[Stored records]
┄┄┄┄┄┄┄┄┄┄┄┄┄┄┄┄┄┄┄┄

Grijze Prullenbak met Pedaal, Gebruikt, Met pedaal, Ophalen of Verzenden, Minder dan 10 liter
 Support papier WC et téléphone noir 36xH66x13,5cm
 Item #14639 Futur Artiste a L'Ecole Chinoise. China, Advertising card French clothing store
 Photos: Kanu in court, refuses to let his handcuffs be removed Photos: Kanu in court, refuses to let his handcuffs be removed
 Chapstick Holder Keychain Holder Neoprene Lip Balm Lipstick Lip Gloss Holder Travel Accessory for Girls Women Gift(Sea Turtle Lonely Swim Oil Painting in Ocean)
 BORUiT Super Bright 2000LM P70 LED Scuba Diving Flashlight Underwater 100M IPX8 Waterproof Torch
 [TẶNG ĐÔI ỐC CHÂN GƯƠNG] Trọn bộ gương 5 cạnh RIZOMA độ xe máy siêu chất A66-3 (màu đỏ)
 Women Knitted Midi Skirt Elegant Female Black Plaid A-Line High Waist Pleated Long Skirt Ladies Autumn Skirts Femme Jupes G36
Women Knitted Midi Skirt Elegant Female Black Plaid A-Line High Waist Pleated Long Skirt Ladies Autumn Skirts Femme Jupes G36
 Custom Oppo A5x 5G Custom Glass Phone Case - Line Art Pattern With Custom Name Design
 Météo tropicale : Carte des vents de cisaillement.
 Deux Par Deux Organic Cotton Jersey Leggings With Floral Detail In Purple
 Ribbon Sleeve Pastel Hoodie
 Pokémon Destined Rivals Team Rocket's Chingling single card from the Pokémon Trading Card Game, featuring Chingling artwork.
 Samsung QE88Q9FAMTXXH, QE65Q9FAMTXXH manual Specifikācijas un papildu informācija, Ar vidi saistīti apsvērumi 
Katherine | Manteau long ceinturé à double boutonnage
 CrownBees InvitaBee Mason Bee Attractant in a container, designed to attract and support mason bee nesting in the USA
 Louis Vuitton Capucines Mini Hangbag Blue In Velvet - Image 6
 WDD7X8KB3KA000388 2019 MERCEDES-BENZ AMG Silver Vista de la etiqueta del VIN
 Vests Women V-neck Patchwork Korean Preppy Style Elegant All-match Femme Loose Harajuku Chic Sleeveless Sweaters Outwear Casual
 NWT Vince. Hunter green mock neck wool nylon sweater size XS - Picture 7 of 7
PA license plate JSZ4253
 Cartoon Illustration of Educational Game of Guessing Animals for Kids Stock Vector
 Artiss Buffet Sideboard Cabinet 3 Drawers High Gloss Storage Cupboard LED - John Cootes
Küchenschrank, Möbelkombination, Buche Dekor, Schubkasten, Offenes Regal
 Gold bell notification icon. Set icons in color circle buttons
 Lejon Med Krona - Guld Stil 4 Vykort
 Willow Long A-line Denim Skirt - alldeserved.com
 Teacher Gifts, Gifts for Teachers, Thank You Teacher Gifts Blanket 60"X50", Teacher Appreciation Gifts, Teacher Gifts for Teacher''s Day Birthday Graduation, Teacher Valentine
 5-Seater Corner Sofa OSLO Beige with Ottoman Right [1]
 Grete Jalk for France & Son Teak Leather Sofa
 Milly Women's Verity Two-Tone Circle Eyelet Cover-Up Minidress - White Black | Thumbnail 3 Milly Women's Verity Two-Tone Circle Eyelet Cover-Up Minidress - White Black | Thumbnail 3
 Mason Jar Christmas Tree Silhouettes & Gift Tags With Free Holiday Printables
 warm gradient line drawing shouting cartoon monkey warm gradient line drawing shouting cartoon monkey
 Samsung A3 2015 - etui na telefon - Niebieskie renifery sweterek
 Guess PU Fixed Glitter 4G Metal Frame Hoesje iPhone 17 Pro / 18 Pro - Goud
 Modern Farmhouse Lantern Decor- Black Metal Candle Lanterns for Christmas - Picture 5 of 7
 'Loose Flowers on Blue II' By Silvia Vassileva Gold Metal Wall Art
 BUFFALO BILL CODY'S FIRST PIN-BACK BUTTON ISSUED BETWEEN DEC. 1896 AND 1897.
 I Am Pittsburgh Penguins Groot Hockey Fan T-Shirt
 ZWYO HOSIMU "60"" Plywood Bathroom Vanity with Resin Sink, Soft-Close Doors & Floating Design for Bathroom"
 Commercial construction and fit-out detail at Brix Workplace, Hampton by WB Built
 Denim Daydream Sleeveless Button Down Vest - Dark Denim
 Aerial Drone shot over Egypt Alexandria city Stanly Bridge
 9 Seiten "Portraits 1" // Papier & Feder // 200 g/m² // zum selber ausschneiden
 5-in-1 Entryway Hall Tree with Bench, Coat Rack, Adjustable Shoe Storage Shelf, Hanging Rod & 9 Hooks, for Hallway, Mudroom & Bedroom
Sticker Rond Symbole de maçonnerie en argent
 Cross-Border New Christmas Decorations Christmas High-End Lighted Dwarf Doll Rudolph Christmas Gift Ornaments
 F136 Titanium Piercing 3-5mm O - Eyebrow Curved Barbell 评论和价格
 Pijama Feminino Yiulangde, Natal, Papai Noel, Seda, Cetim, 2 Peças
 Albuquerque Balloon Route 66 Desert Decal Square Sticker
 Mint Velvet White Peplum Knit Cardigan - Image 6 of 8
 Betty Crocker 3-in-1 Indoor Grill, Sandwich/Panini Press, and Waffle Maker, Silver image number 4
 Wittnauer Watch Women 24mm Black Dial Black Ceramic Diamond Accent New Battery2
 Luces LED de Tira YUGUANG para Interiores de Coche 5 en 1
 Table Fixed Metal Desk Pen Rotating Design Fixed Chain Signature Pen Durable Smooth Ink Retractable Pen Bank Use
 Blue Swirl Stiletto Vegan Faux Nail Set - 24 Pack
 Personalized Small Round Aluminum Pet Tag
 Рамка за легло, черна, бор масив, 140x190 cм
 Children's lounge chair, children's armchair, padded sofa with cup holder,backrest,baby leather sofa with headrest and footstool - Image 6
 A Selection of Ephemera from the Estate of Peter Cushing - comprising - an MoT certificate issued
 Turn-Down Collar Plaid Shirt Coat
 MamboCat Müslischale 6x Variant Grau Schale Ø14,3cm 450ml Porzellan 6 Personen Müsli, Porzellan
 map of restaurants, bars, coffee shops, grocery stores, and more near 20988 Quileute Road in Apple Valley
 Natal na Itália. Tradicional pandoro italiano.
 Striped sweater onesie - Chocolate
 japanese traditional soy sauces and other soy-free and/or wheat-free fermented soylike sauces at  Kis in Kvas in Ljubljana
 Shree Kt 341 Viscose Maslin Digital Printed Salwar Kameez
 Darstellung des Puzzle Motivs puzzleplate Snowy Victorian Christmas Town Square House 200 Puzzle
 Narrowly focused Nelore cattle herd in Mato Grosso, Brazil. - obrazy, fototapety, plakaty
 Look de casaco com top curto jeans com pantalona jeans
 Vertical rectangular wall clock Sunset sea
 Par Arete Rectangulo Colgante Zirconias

┄┄┄┄┄┄┄┄┄┄┄┄┄┄┄┄┄┄┄┄

The string "Waist" may appear in lines of the entries above. Say how many such lines there are, as a number only.

● **Exercise result**:
2